« Moi aussi je la déteste », le premier vers de Poésie de Marianne Moore, revient comme un leitmotiv dans ce texte, comme il revient sans cesse dans l’esprit de Lerner, depuis qu’il a appris ce poème au lycée. Oui, lui aussi la déteste, la poésie, cet art attaqué de toutes parts, « détesté du dehors comme du dedans ». Il essaie de comprendre les causes de cette aversion quasi universelle, qui existe depuis des millénaires, qui a fait de la poésie, un art oscillant entre défense et dénonciation, et dont la mort est régulièrement proclamée.
L’essence de cette haine viendrait de l’écart entre le but de la poésie - chanter l’infini – et son rendu dans un poème, bassement réel, qui « n’est jamais qu’un aveu d’échec ». La traduction de l’infini, fût-ce pour des poètes virtuoses, est impossible et la Poésie est ainsi structurellement condamnée. Ce que disait déjà Socrate : « le lieu qui est au-dessus du ciel, aucun de nos poètes de l’a encore célébré ; aucun ne le célébrera jamais dignement ». Il rejetait les poètes de sa République, car ils n’étaient que des rhétoriciens, s’éloignant de la vérité, capables seulement de fausses représentations et incarnant de ce fait un danger politique.
D’autres ont par la suite insisté sur l’inutilité de la poésie. Mais étonnamment, les défenseurs de la poésie se réfèrent toujours à son Idée en ne mentionnant que rarement des exemples de poèmes. Ainsi Shelley loue « les conceptions originelles du poète » tout en insistant sur leur « ombre affaiblie ». Ce que résume Lerner par : « le problème fatal de la poésie : les poèmes ». De même, les mouvements « avant-gardistes » du XXème (Futurisme, Surréalisme) haïssent les poèmes existants pour les remplacer par une expérimentation formelle qui deviendra davantage fameuse dans leurs Manifestes que dans leurs recueils.
Heureusement Lerner s’amuse à citer des poèmes en montrant comment les négatifs du Poème idéal peuvent apparaitre ; il dévoile notamment le Désastre du Pont Tay, d’un certain McGonagall, poète écossais du XIXème, « considéré comme l’un des poèmes les plus résolument catastrophiques de tous les temps ». A son analyse, hilarante, succèdent celles plus classiques de poèmes de Keats et Dickinson qui lui font relever que « la nullité et le génie se rapprochent davantage que le médiocre, le passable ou même le pas mal ». Si les grands poètes combattent les limites du poème réel, l’ampleur de l’échec des poètes pathétiques offre « malgré eux une lueur de la possibilité » du Poème Authentique.
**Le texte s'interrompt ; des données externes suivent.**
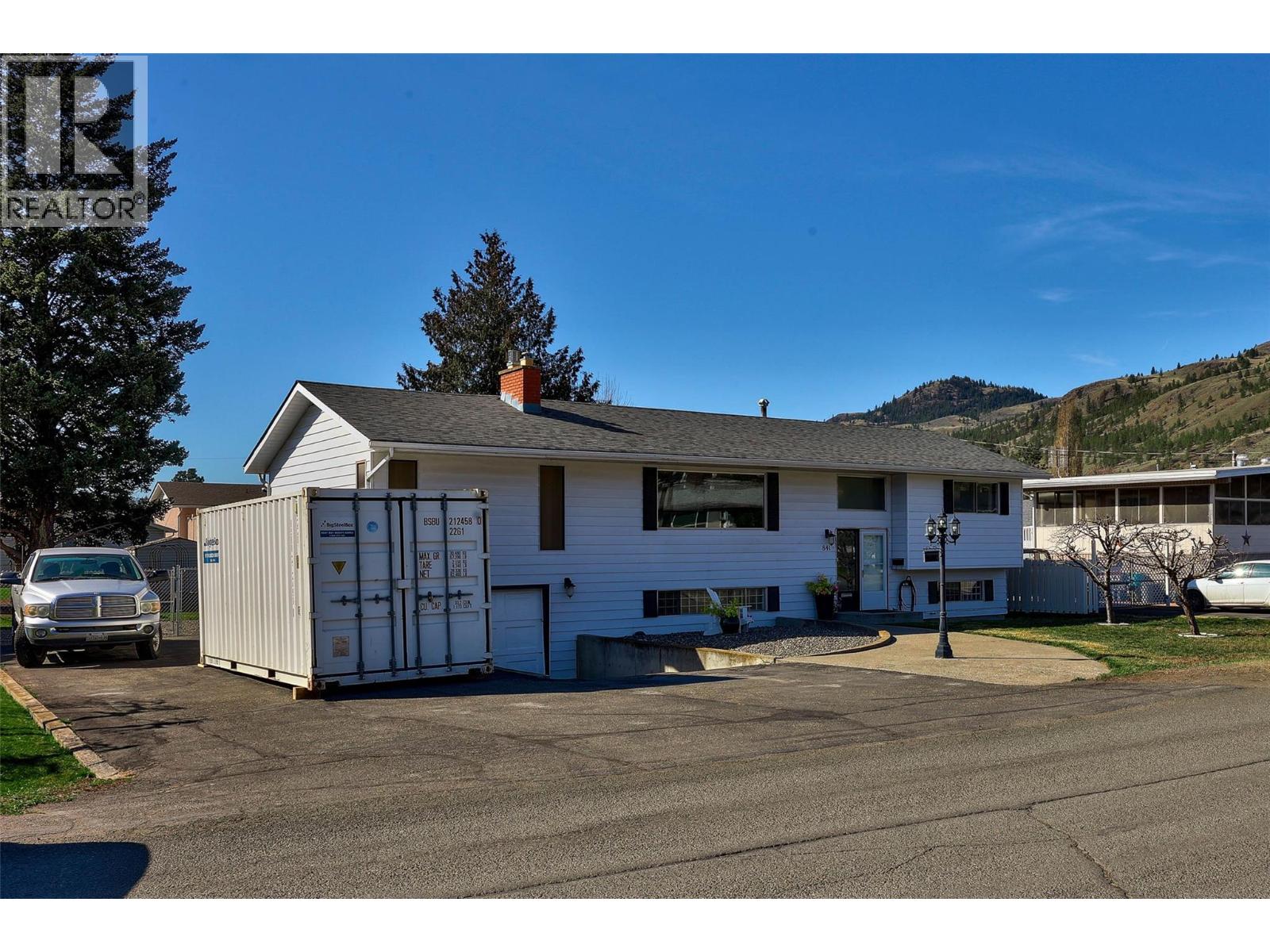 841 SICAMORE DRIVE - 4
Mais dans les deux cas, l’idéal utopique de la Poésie persiste.
Lerner est moins convaincant dans sa critique de la relation entre la poésie américaine et la politique, marquée à jamais par la nostalgie du maître en la matière Walt Whitman. En conclusion, il précise sa démarche : défense de la poésie et défense de sa dénonciation, qui en font la dialectique du poète. Mais c’est dans l’image d’un phénomène météorologique baptisé virga que sa thèse est la plus limpide : ce sont des « cristaux de glace qui s’échappent d’un nuage et s’évaporent avant de toucher le sol. Une pluie qui ne comble jamais complètement l’écart entre le paradis et la terre. »
Olivier Devallant
Ben Lerner, La Haine de la poésie, Ed. Allia, 2017, 93 pages, 7 €.